* _EXERCISE DIRECTIONS_
The entries below are to be copied exactly, with every picture left out.

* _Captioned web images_

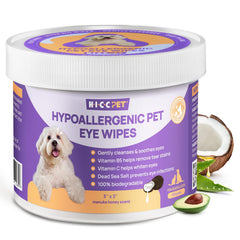 HICC PET Eyes Wipes packaging shows a 100-count box for easy eye care
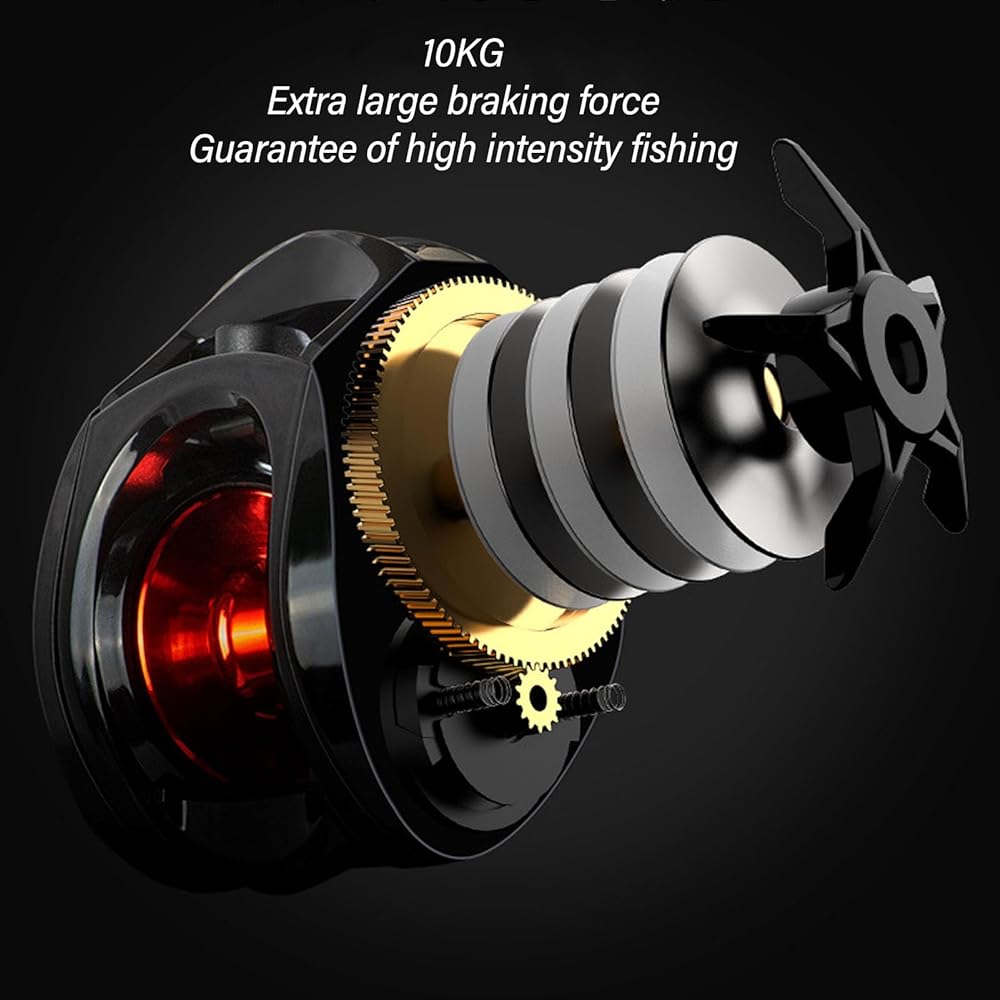 Fishing Bait Casting Reel Long Casting Reel 7.2:1 High Speed Gear Ratio 10kg Load Capacity Anti Burst Line Metal Right Hand Fishing Reel for Saltwater Fishing
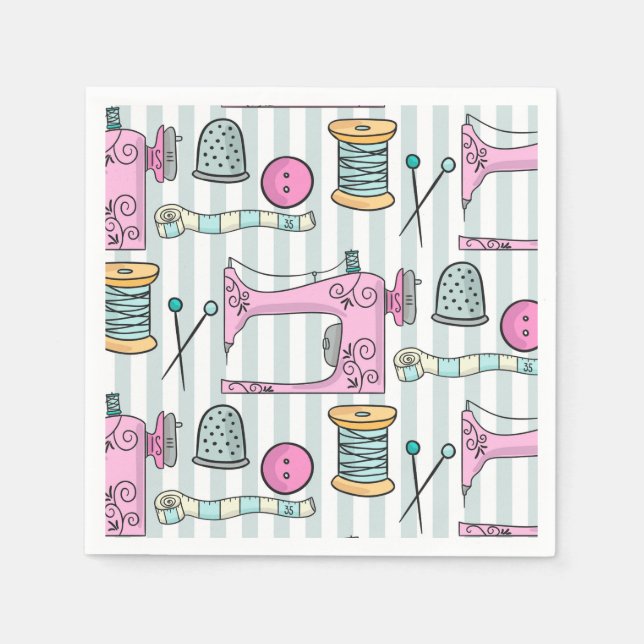 Nähmaschine - rosa Handarbeit nähen Serviette (Vorderseite)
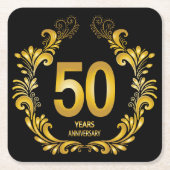 50年金ゴールドグリッター記念日 スクエアペーパーコースター (正面)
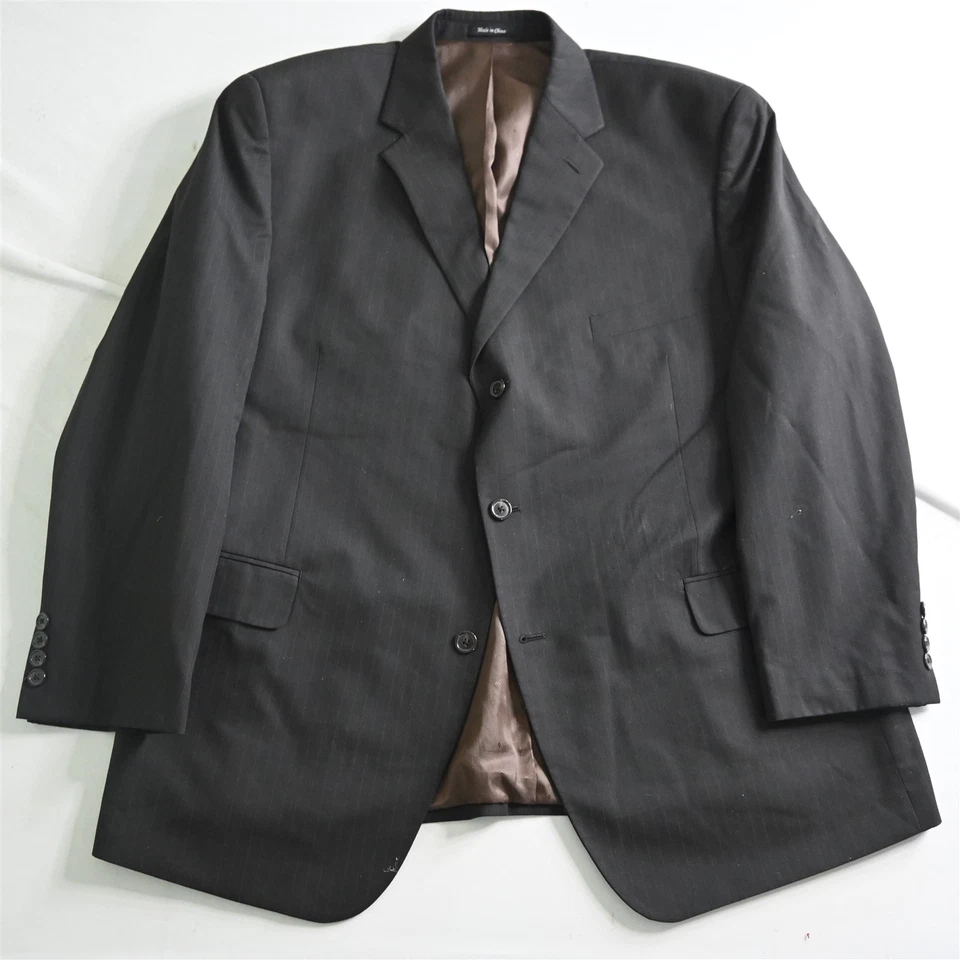Van Heusen 48R 42x32 Dark Brown Striped Mens Jacket Pants Suit - Image 2 of 4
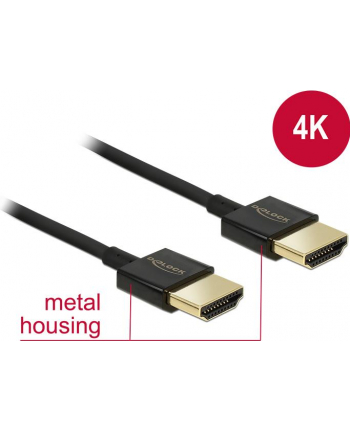 Delock Kabel High Speed HDMI with Ethernet HDMI AM > HDMI AM 3D 4K 0.25m Slim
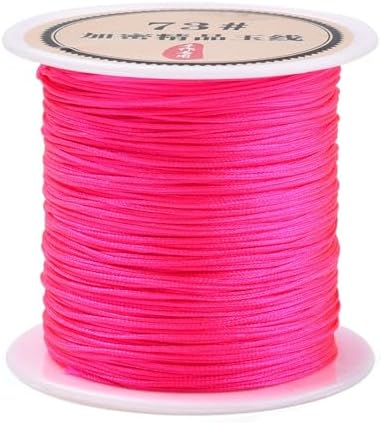 Elecrelive 43 Yards Nylon String Nylon Cord Deep Pink Nylon Beading Thread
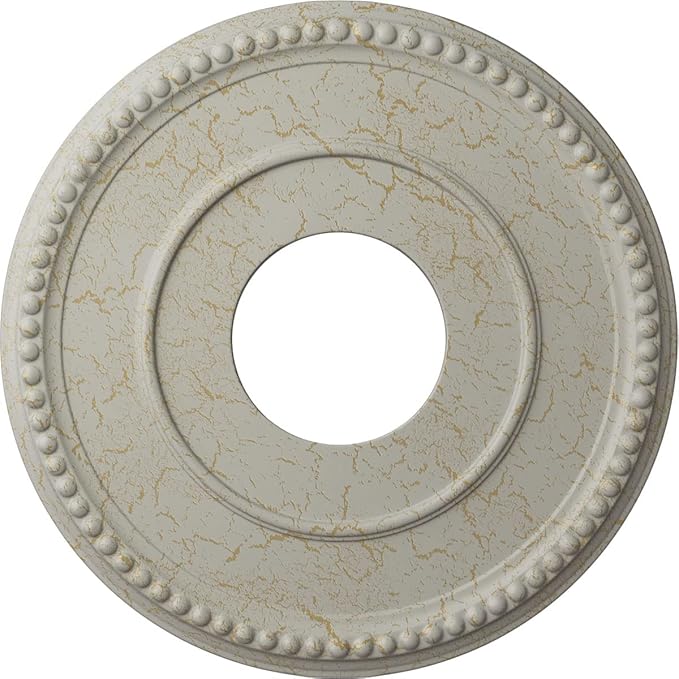 12 1/2"OD x 3 7/8"ID x 3/4"P Bradford Ceiling Medallion (Fits Canopies up to 6 5/8"), Hand-Painted Pot of Cream Crackle
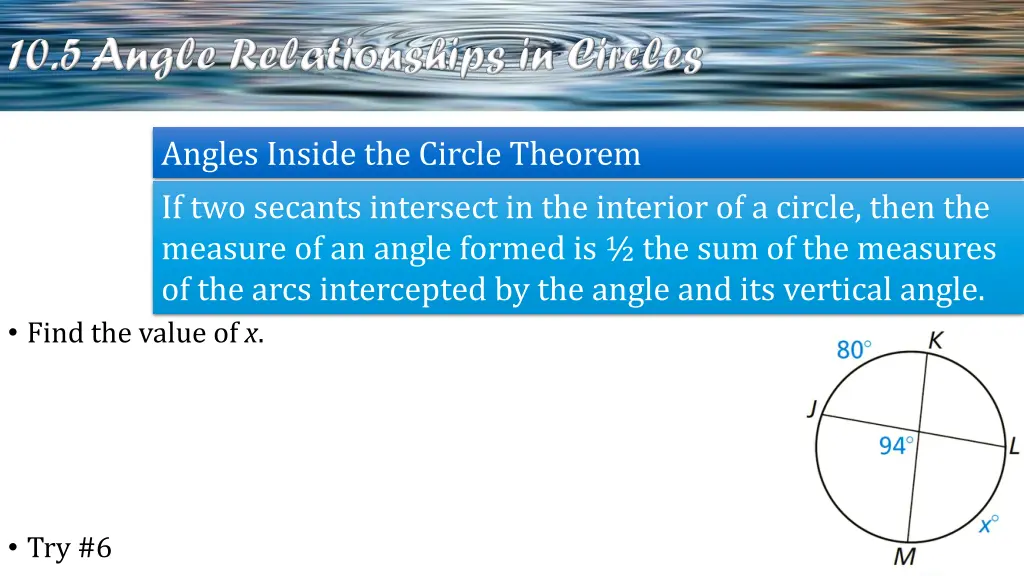 angles inside the circle theorem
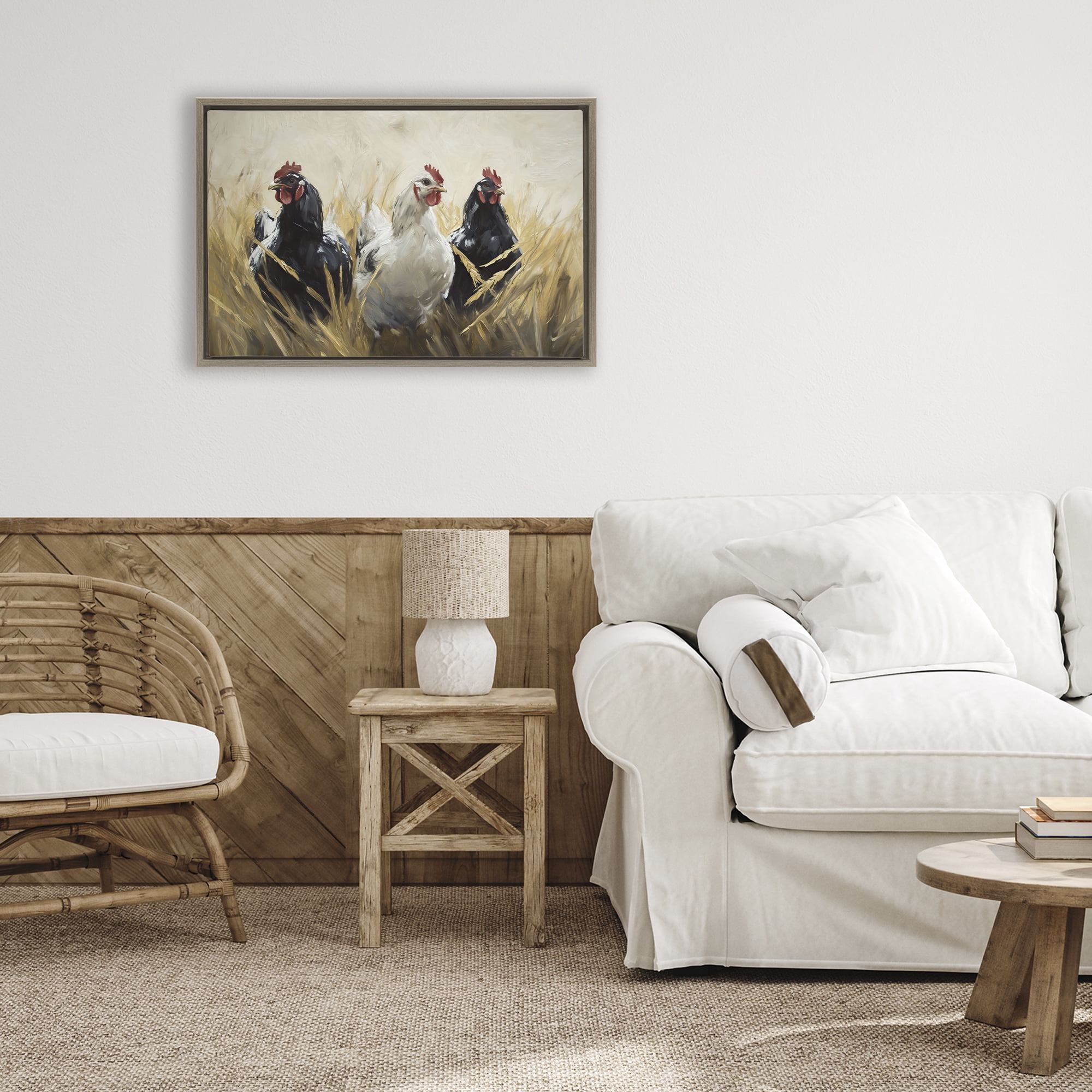 Stupell Industries Chickens In Wheat Field Brown Framed Floater Canvas Wall Art, design by Tina LeCour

* _SOLUTION_
 HICC PET Eyes Wipes packaging shows a 100-count box for easy eye care
 Fishing Bait Casting Reel Long Casting Reel 7.2:1 High Speed Gear Ratio 10kg Load Capacity Anti Burst Line Metal Right Hand Fishing Reel for Saltwater Fishing
 Nähmaschine - rosa Handarbeit nähen Serviette (Vorderseite)
 50年金ゴールドグリッター記念日 スクエアペーパーコースター (正面)
Van Heusen 48R 42x32 Dark Brown Striped Mens Jacket Pants Suit - Image 2 of 4
 Delock Kabel High Speed HDMI with Ethernet HDMI AM > HDMI AM 3D 4K 0.25m Slim
 Elecrelive 43 Yards Nylon String Nylon Cord Deep Pink Nylon Beading Thread
 12 1/2"OD x 3 7/8"ID x 3/4"P Bradford Ceiling Medallion (Fits Canopies up to 6 5/8"), Hand-Painted Pot of Cream Crackle
 angles inside the circle theorem
 Stupell Industries Chickens In Wheat Field Brown Framed Floater Canvas Wall Art, design by Tina LeCour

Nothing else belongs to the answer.